Components of gas mixtures are frequently separated from the gas mixtures by PSA. Although PSA is generally more useful when the desired component is the least strongly adsorbed component, this gas separation technique can be successfully used when the desired component is more strongly adsorbed by the selected adsorbent than are the other components of the gas mixture. For example, carbon monoxide can be separated from gas mixtures containing, in addition to carbon monoxide, hydrogen, carbon dioxide, methane and nitrogen by means of cuprous ion-containing adsorbents. Such mixtures often occur in syngas, a hydrogen and carbon monoxide mixture produced in hydrocarbon reforming processes.
PSA processes are commonly carried out in elongate vessels having an inlet end and a nonadsorbed product outlet end and which are packed with a bed of particulate material which adsorbs one or more components of the gas mixture more strongly than it adsorbs one or more other components of the gas mixture. PSA processes include the basic steps of adsorption or production and adsorbent regeneration. During the adsorption step, the gas mixture to be separated is passed cocurrently through an adsorption vessel (in the direction from the inlet end towards the nonadsorbed product outlet end) at a selected adsorption pressure. The strongly adsorbed component(s) are adsorbed from the gas mixture as it passes through the vessel, and the nonadsorbed component(s) pass out of the vessel through the nonadsorbed product outlet. During the adsorbent regeneration step, the vessel is depressurized by releasing or withdrawing (evacuating) gas countercurrently (in the direction opposite the cocurrent direction) out of the vessel. The strongly adsorbed component(s) are removed from the vessel during the adsorbent regeneration step.
In addition to the basic steps, PSA processes generally have a number of additional steps. One important step is bed equalization, in which gas discharged from an adsorption vessel upon completion of the adsorption step (equalization-depressurization) is reintroduced in the vessel (or introduced into another vessel, in the case of multivessel systems) after completion of the adsorbent regeneration step (equalization-repressurization). During equalization, the gas can be removed from a vessel via its outlet end and reintroduced into the vessel via its outlet end (outlet-to-outlet equalization) or it can be removed from the vessel via its inlet end and reintroduced into the vessel via its inlet end (inlet-to-inlet equalization) or by other combinations of these. Conventional bed equalization serves two important purposes: it saves energy by using compressed gas released from an adsorption vessel after an adsorption step to partially repressurize the vessel for the adsorption step of the following cycle of the process, and it allows recovery of valuable partially fractionated gas component.
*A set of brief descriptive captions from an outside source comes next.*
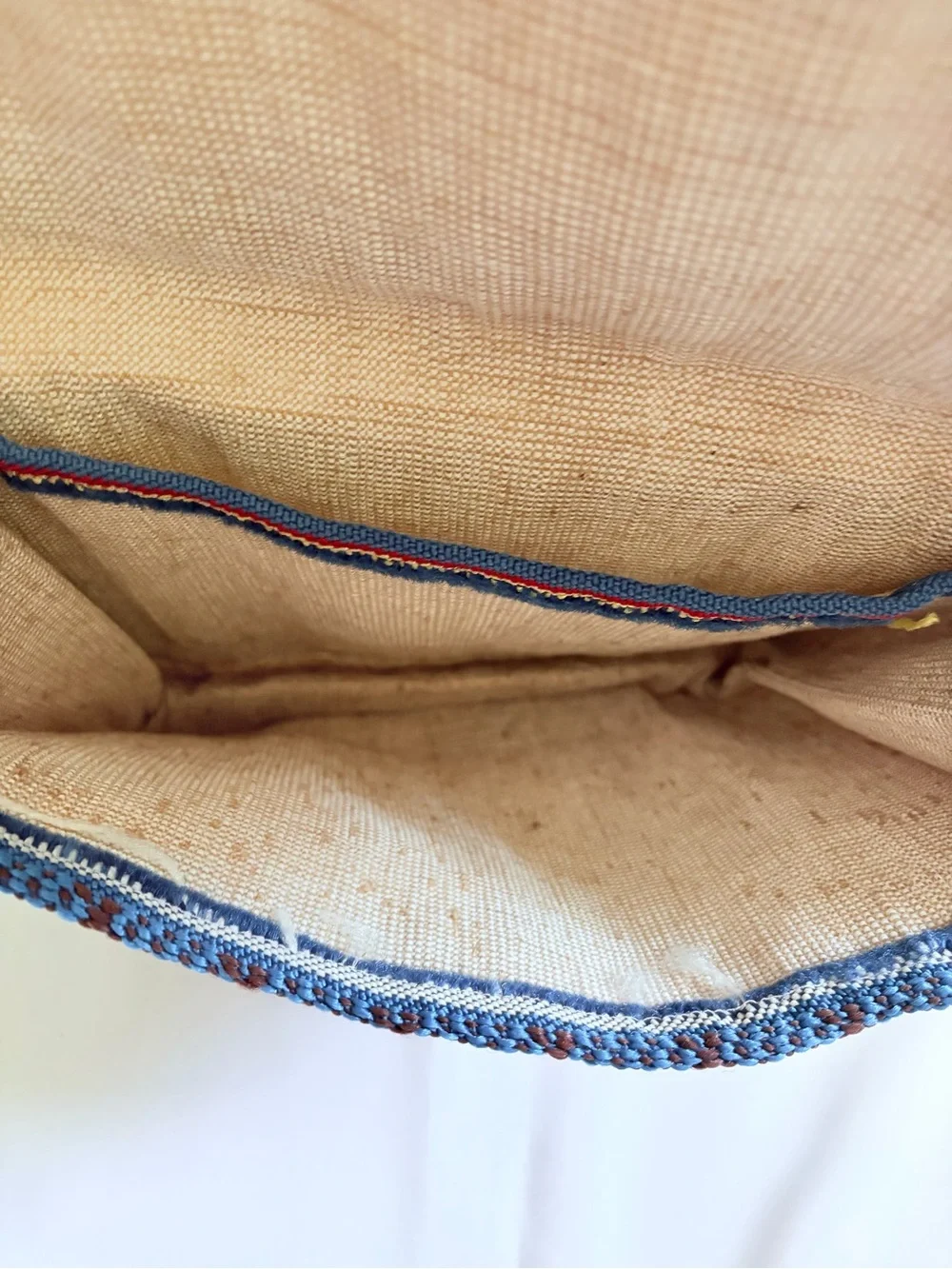 Handwoven Geometric Tapestry Persian Shoulder Bag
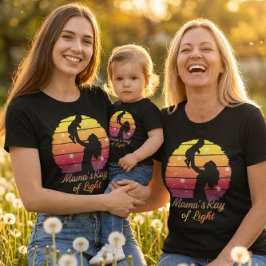 Mama's Ray of Light Sunset Silhouette Tri-Blend Shirt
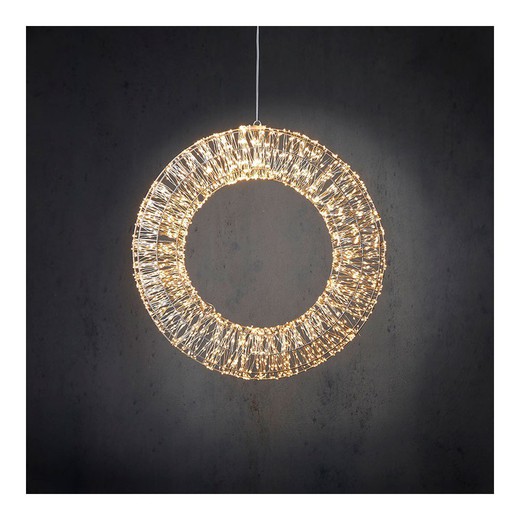 Corona leds decorativa blanco cálido ø60cm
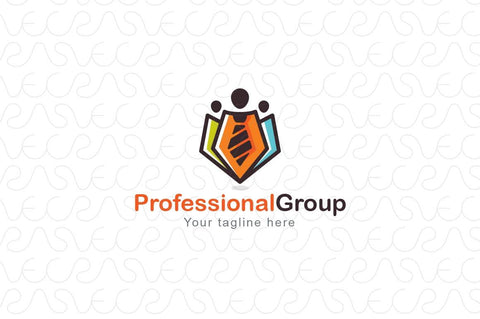 Professional Group - Official Community Stock Logo Template for Business & Corporate Fields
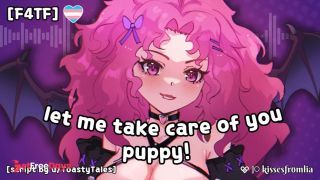 F4TF Making My Sweet Puppy Cum Before Bed gentle femdom ASMR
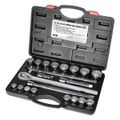 Performance Tool&trade; 21 piece 3/4 Drive SAE Socket Set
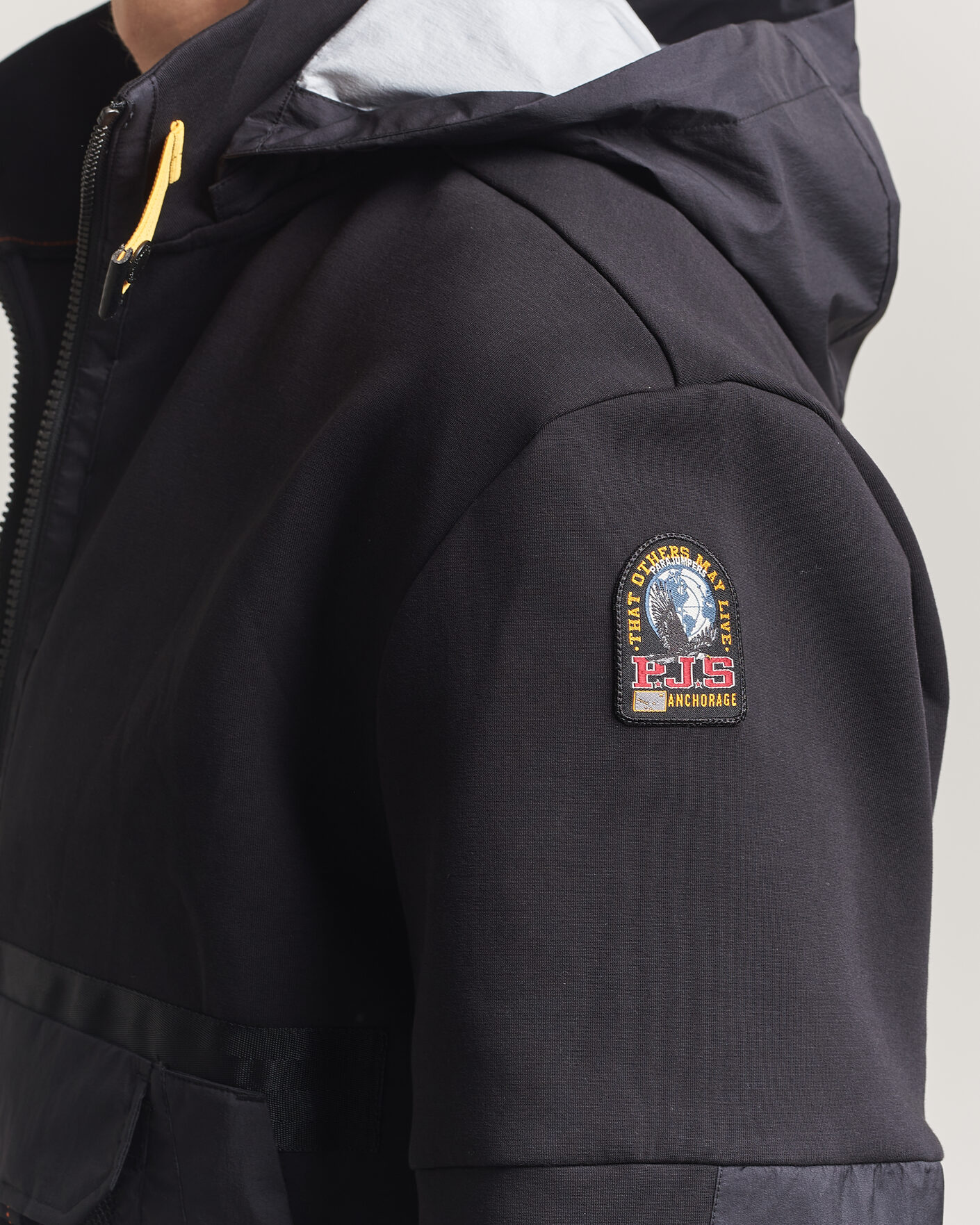 Mies | Takit | Parajumpers | Kouga Evo Fleece Hooded Hybrid Jacket Black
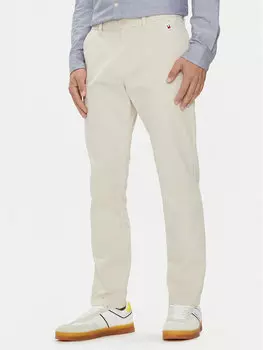 Брюки-Чиносы slim fit Tommy Jeans, бежевый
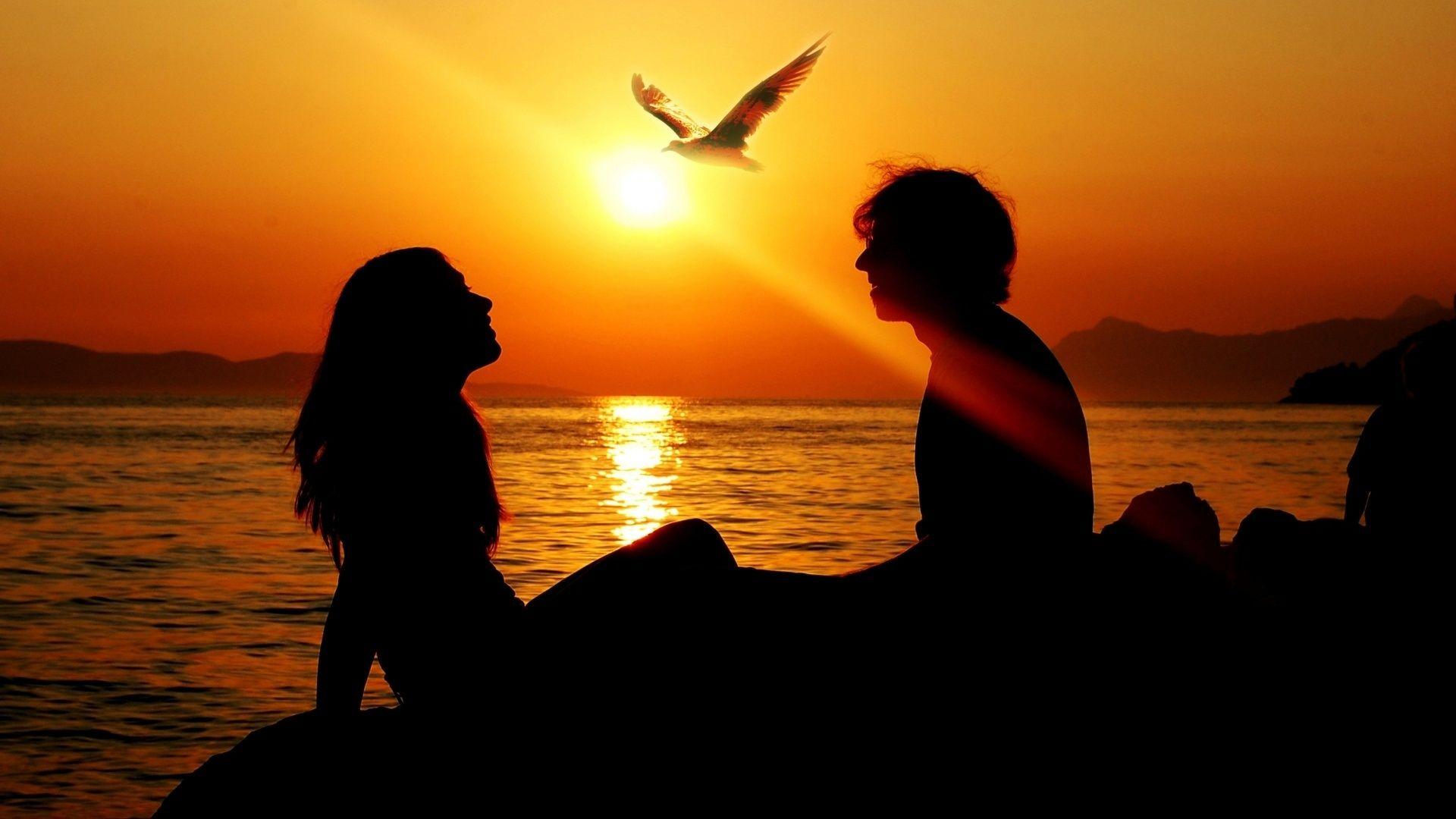 1920x1080 Hd Sunset Aesthetic Wallpaper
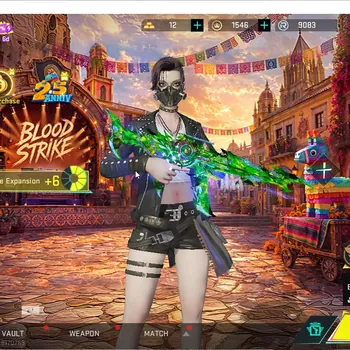 Blood Strike Accounts Starter ASIA|Starter|ETERNAL Uzi - Star Chaser Lv2|3 Legendary(INP-9-Haunted,HK416-Lava,NOVA-Rebel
Another step that enhances the efficiency of adsorption processes is the purge or rinse step. This step generally assists in the regeneration of the adsorbent, and it can take place before, during, or after the countercurrent depressurization step. When the primary purpose of the PSA process is to recover nonadsorbed product, the purge is carried out by passing low pressure nonadsorbed product gas countercurrently through the adsorption vessel during or after the countercurrent depressurization step. When the primary product is the strongly adsorbed component of the mixture, the purge step is carried out by passing strongly adsorbed gas cocurrently through the vessel before, during or after countercurrent depressurization of the vessel. In any event, the purge step serves to remove additional undesired component from the adsorbent by increasing the partial pressure of the desired component in the vessel, thereby causing desorption of undesired component from the adsorbent, and by flushing undesired component from the vessel.
When a PSA process is practiced to recover a strongly adsorbed component from a gas mixture and the gas mixture contains more than one component that is preferentially adsorbed by the adsorbent, it is difficult to recover the desired component in high purity and at high yield. Improvements which enhance the purity and yield of strongly adsorbed products produced in PSA processes are continually sought. The present invention provides such an improvement.